Wine and Cheese

My ultimate dinner. Mostly it's about the wine and cheese. The fruit, because you need something fresh, and the bread and sausage for something with good chew to it. The bread is this baguette, smeared with roasted garlic butter and toasted. Perfect any time, but especially wonderful eaten on the porch, basking in the day's last rays of sunshine.

Dinner at Our House

Dinner at our house right now is, well, hectic.

Last winter, I wasn't working quite as much as I am now, so I was home to make an exquisite dinner every single night. Dinner was a lot more relaxed then.

Now, thankfully, I'm working quite a bit, but that does put a cramp on dinner. Meal planning is essential - otherwise we'd be eating eggs and toast every night. I sit down on Friday, plan out dinners for the week, and do groceries. Then, over the weekend, I prep as much as possible. There's always a list on the refrigerator that goes something like this: cook onions, cook broccoli, make cookies, roast beef...and so on. Everything goes into little pyrex dishes, and when I'm really on top of my game, each dish gets a label. Last but not least are the directions. I type up the meal plan and the directions to assemble each meal and post it on the fridge. That way, Mike can fix dinner while I'm on my way home since he usually gets home before me.
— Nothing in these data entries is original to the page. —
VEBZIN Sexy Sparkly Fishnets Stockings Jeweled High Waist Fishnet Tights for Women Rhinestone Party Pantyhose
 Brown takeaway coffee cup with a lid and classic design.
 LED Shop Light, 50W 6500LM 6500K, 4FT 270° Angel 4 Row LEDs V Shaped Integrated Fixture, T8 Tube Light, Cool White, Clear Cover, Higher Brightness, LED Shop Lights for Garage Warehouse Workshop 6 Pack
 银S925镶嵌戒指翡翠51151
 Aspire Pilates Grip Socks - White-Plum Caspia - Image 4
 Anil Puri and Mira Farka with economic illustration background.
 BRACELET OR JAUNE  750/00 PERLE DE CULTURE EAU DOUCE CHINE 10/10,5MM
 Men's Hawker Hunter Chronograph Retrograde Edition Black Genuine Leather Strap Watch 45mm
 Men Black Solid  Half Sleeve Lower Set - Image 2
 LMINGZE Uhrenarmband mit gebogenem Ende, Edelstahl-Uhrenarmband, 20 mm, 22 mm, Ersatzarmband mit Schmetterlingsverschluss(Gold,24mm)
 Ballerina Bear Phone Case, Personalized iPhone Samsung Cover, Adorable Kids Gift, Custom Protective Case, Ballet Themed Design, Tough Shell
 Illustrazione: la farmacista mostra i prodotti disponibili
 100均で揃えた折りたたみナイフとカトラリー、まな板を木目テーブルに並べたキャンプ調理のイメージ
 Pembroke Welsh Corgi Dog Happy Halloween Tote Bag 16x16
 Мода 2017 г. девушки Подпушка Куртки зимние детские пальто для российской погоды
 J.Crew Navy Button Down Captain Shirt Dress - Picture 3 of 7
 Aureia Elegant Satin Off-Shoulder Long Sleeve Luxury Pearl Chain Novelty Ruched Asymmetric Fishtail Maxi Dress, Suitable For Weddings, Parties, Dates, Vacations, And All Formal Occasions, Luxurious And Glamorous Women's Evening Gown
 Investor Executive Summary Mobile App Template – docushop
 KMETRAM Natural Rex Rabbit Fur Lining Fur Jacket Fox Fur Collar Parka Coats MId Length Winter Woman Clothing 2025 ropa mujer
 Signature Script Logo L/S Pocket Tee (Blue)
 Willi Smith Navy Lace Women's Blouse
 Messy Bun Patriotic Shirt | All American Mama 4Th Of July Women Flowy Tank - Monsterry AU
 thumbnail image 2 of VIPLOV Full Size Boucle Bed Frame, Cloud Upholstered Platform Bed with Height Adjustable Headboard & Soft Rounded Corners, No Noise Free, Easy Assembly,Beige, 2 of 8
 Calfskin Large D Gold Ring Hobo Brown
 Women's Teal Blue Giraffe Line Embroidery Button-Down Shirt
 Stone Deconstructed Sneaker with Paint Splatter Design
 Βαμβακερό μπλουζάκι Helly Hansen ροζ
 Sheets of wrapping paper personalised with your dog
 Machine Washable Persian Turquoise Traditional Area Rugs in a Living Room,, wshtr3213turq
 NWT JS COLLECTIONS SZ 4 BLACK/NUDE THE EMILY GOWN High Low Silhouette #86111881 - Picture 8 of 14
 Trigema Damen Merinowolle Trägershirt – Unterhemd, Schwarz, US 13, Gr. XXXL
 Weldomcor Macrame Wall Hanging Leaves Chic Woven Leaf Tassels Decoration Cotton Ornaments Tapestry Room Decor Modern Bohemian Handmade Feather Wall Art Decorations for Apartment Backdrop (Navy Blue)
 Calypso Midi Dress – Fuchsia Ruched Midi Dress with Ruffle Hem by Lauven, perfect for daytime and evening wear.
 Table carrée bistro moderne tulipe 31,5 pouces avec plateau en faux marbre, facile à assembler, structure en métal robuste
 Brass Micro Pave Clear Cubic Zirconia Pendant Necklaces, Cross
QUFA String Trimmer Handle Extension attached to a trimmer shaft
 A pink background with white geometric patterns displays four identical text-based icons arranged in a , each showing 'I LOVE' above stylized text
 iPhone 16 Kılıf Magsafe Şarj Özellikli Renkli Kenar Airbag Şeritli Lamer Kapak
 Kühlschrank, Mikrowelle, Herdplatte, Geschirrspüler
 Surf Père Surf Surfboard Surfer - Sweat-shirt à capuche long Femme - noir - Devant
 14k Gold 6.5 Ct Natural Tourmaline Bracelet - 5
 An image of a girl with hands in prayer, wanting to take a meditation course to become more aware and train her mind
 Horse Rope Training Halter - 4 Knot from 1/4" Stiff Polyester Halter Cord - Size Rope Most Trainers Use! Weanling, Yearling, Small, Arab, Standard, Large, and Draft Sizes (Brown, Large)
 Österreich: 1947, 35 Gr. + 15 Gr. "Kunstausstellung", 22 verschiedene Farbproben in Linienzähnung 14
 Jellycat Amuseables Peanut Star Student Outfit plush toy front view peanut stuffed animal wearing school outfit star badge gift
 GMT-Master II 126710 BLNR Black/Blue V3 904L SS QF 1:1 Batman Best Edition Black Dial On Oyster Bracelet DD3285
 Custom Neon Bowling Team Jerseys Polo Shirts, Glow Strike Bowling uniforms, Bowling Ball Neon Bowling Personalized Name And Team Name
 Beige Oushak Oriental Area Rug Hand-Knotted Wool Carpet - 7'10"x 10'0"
Sometimes it works like a dream. When I walk in the door, there's a glass of wine on the kitchen table waiting for me and Mike is just finishing plating the food. On those days, it's amazing. I don't have to think. All I have to do is sink down into my chair and enjoy dinner with my love.

Other days, it's a disaster. The directions aren't clearly written, or I haven't explained what a ramekin is, or where the water goes, and eggs en cocotte turns into mushy green scrambled eggs. On those days, we laugh. I'm so lucky to have found a man who can laugh at himself, although we're always laughing together.

If all this weren't enough, we've finally found a rental house that suits our needs. In fact, it's a bit big, but we're going to enjoy stretching out after being cramped in a tiny apartment. I can't wait to use my kitchen for real (I did use it to make mint chocolate chip ice cream the other day). But all that means is that we're in the midst of a crazy move, there's not enough time in the day, and I can't find the damn frying pan.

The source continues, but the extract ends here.